Somewhere below, one line contains "Additional image 8" and a later line contains "Campagne TV, VOL". Output those two lines and everything between them exactly, and nothing else.
Start of Data extracts
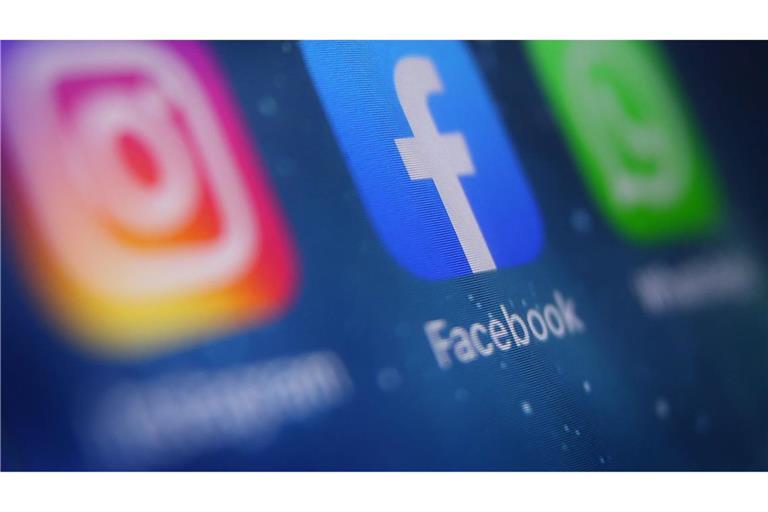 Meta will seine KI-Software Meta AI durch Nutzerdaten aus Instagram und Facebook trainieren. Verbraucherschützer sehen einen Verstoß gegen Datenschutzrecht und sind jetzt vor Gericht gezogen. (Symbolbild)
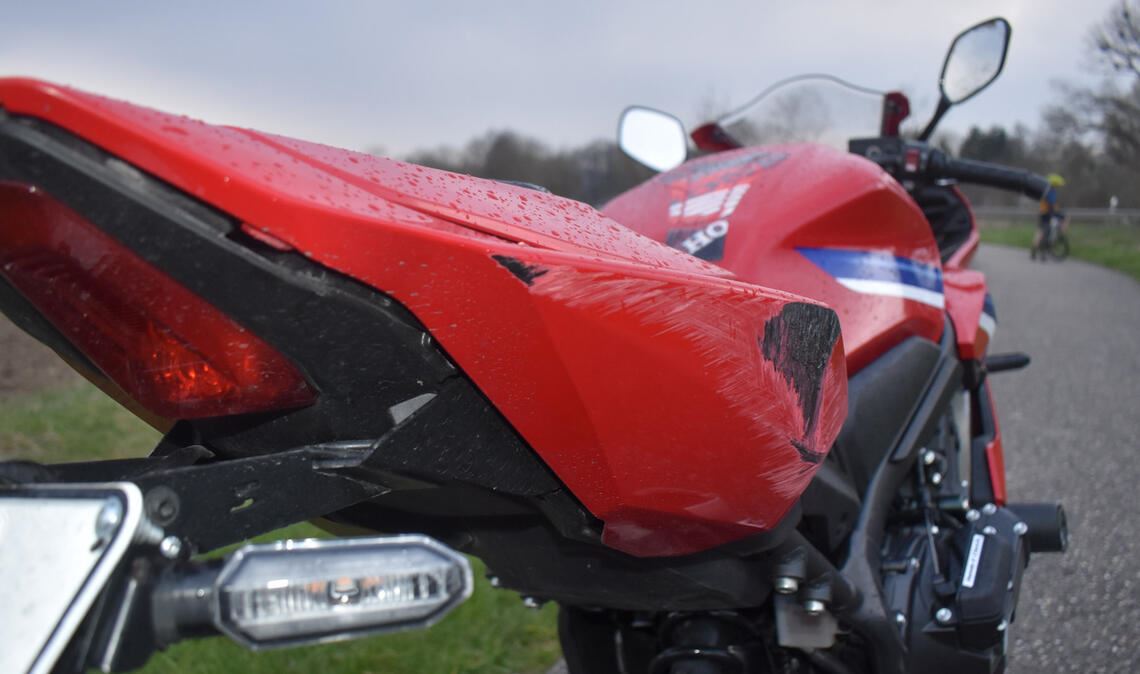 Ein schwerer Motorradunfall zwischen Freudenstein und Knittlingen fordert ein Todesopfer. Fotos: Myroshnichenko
End of Data extracts
Start of Data extracts
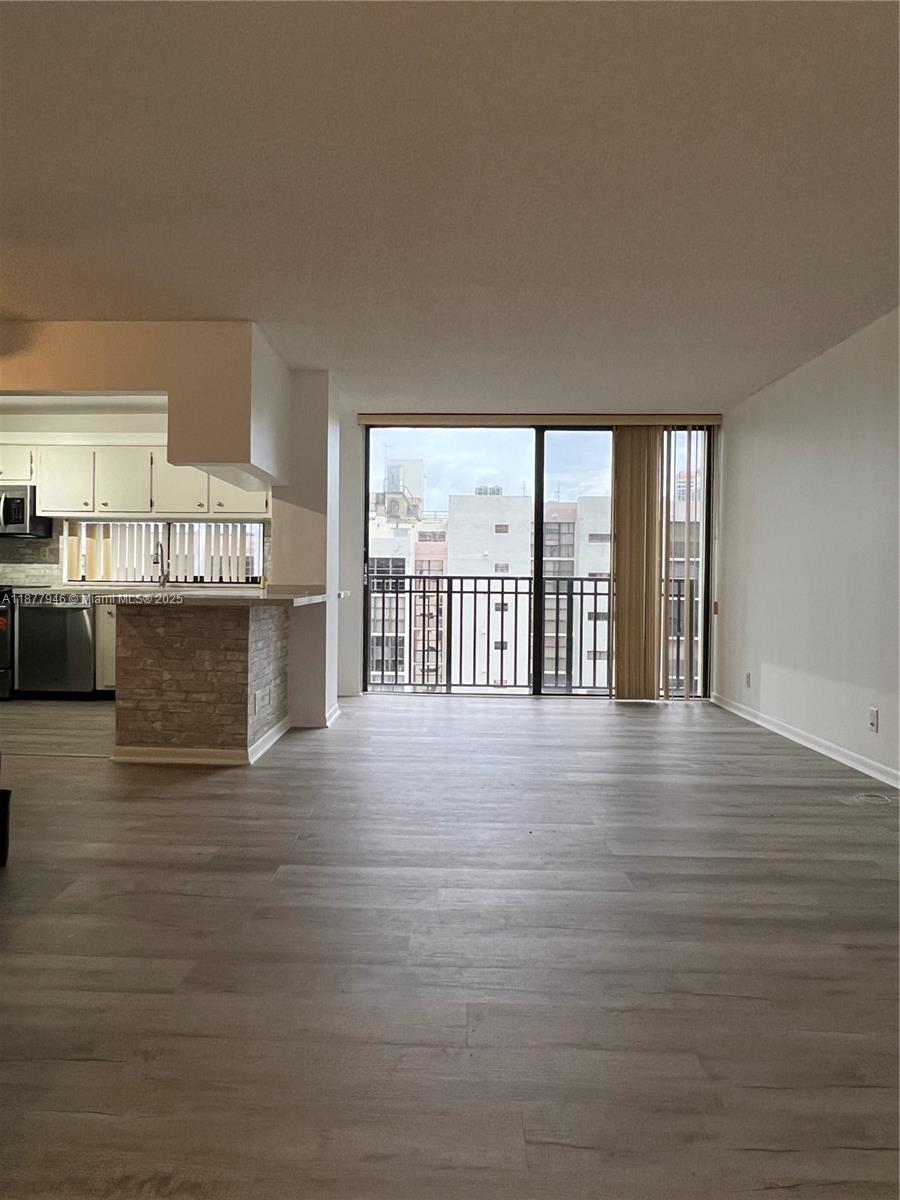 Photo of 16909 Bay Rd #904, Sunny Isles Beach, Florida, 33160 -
End of Data extracts
Start of Data extracts
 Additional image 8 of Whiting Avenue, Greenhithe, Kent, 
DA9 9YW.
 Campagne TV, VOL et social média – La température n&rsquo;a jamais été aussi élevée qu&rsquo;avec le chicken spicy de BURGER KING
End of Data extracts
* Final answer
 Additional image 8 of Whiting Avenue, Greenhithe, Kent, 
DA9 9YW.
 Campagne TV, VOL et social média – La température n&rsquo;a jamais été aussi élevée qu&rsquo;avec le chicken spicy de BURGER KING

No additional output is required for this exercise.